To get started with this I imagined doing something along the lines of an ECS or entity-component-system, so the drawings themselves I called Entity. In the end this wasn’t quite the right idea, but I stuck with the name Entity. A set of Entities are composed into a Scene, with this interface:

type alias SceneIF =
    { subscriptions : Sub Msg
    , update : Msg -> ( Scene, Cmd Msg )
    , view : () -> Html Msg
    , add : EntityId -> Entity Msg -> Scene
    }

And the Entities implement this interface (note move and animate not actually used in this example):

type alias EntityIF msg =
    { gestureHandler : Maybe (GestureIF msg)
    , move : VScene -> Entity msg
    , animate : Posix -> Maybe (Entity msg)
    , position : PScene
    , bbox : BLocal
    , view : ViewContextIF msg -> List (Svg msg)
    }

The gesture handlers are optional on an entity, and have this interface:

type alias GestureIF msg =
    { tap : Maybe (Pointer.PointArgs Screen -> UpdateContext msg -> UpdateContext msg)
    , doubleTap : Maybe (Pointer.PointArgs Screen -> UpdateContext msg -> UpdateContext msg)
    , drag : Maybe (Pointer.DragArgs Screen -> UpdateContext msg -> UpdateContext msg)
    , dragEnd : Maybe (Pointer.DragArgs Screen -> UpdateContext msg -> UpdateContext msg)
    }

The idea is that mouse or touch gestures are sent to the Scene through its subscription or event handlers in its view. Those events will contain the id of the entity that they take place on, and so the scene can trigger the gesture handler on an entity, provided it exists in the scene and has the relevant gesture handler.

Some interesting things about this:

  • The Entity has no idea what Msg type it is dealing with, it is parameterized over msg. This means it cannot create arbitrary side effects, it will be given an interface with functions in it to use to generate from a limited pallete of side effects (none in this example, although I did pass down noop just to show it can be done). An Entity is like a Program that I have specialized to fit a particular purpose - and unlike most Elm Programs, it is not a TEA.

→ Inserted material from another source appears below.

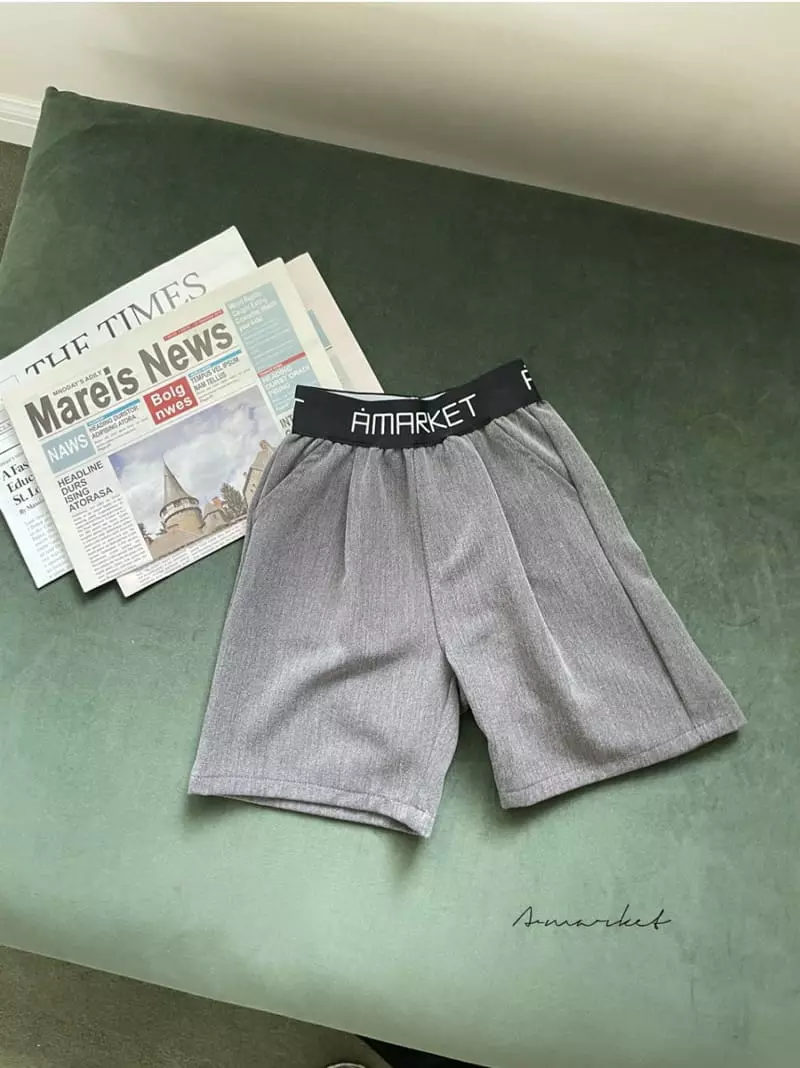 a-Market - Korean Children Fashion - #minifashionista - Banding Half Pants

  • The Scene and Entity know nothing about each others implementations. In particular new entities can be added to the codebase without touching any other code. So each entity gives a bounding box - I do not need to update a case statement somewhere that dervies bounding boxes for all Entities, just adding this code to the new one is sufficient.

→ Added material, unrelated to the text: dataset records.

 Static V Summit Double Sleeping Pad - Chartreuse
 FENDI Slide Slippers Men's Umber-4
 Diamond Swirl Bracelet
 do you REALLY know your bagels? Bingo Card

Having the implementations hidden, does make it a little awkward, since sometimes the Entities do need to know things about the Scene. For view purposes, they need to know about the camera and frame and so on. For update purposes, they need some kind of interface they can apply those updates to, in order to change the state of the Scene, for example to move the camera, add more entities to the scene, etc.

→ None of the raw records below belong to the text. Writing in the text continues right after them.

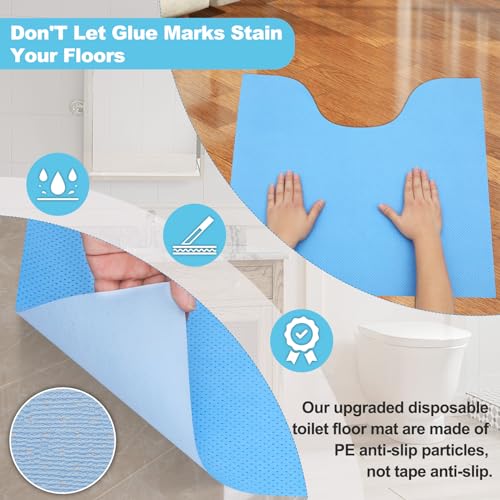 Upgraded 25 Pack Disposable Toilet Mats,Super Absorbent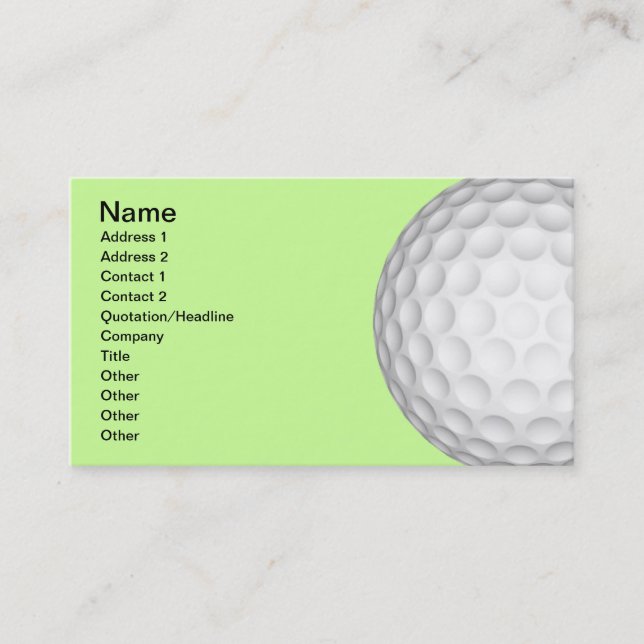 Golfball-Collage Visitenkarte (Vorderseite)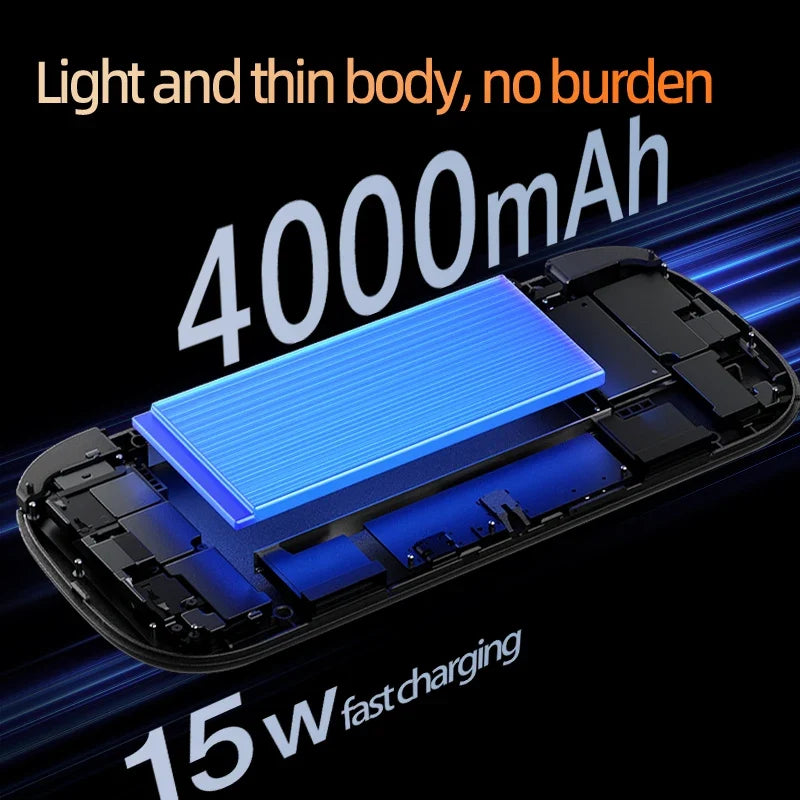 5.0 Inch FHD IPS Handheld Game Console PSK5000 with XBOX/SWITCH Layout,Helio G85 Octa-Core,6+128GB,Hall Joystick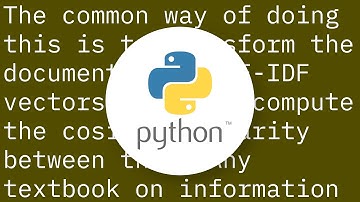How to compute the similarity between two text documents?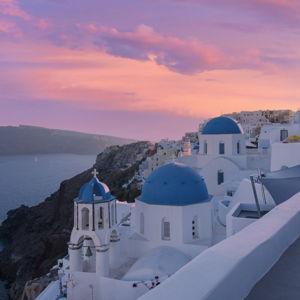 Dinner in Santorini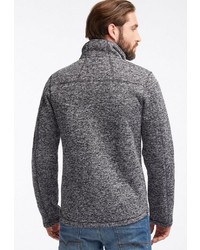 grauer Fleece-Pullover mit einem Reißverschluß von Schmuddelwedda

For the view we have a view interface:

type alias ViewContextIF msg =
    { noop : msg -- Example side-effect the view is allowed to create.
    , zoom : Float
    , frame : BScreen
    , mousePos : PScreen
    , camera : Camera2d Unitless Pixels Geometry.Scene
    }

The update interface is a bit more complicated:

type alias UpdateContextIF msg =
    { frame : BScreen
    , camera : Camera2d Unitless Pixels Geometry.Scene
    , setCamera : Camera2d Unitless Pixels Geometry.Scene -> UpdateContext msg
    , animateZoomToTarget : Point3d Unitless (ZoomSpace Pixels Geometry.Scene) -> UpdateContext msg
    , updateEntity : EntityId -> Entity msg -> UpdateContext msg
    , toScene : Scene
    }

The update interface has a toScene method on it. This is because this interface is for making changes to the Scene, and so must ulimately be able to produce a new Scene, even though several updates can be applied to it to produce new UpdateContexts.

I haven’t described everything but this is probably enough of a guide for now, in case anyone wants to take a closer look at the code.

==========

Here is a summary what I think about this way of working with Elm, good and bad:

  • I like the extensibility, new implementations can be added without changing any old code. Comparing that with using a custom type, where a new constructor gets added for each new thing, it feels nicely encapsulated.

  • I like the idea of building my own mini-Program types in Elm that are more restrictive than the general TEA pattern. More restrictive means more specific to some particular application, and this can be a nice way of designing and enforcing a design on an area of code.

  • Elm does not have dynamic code loading, so this cannot be used to dynamically load plug-ins at runtime. The lack of runtime extensibility somewhat negates the benefits of the technique.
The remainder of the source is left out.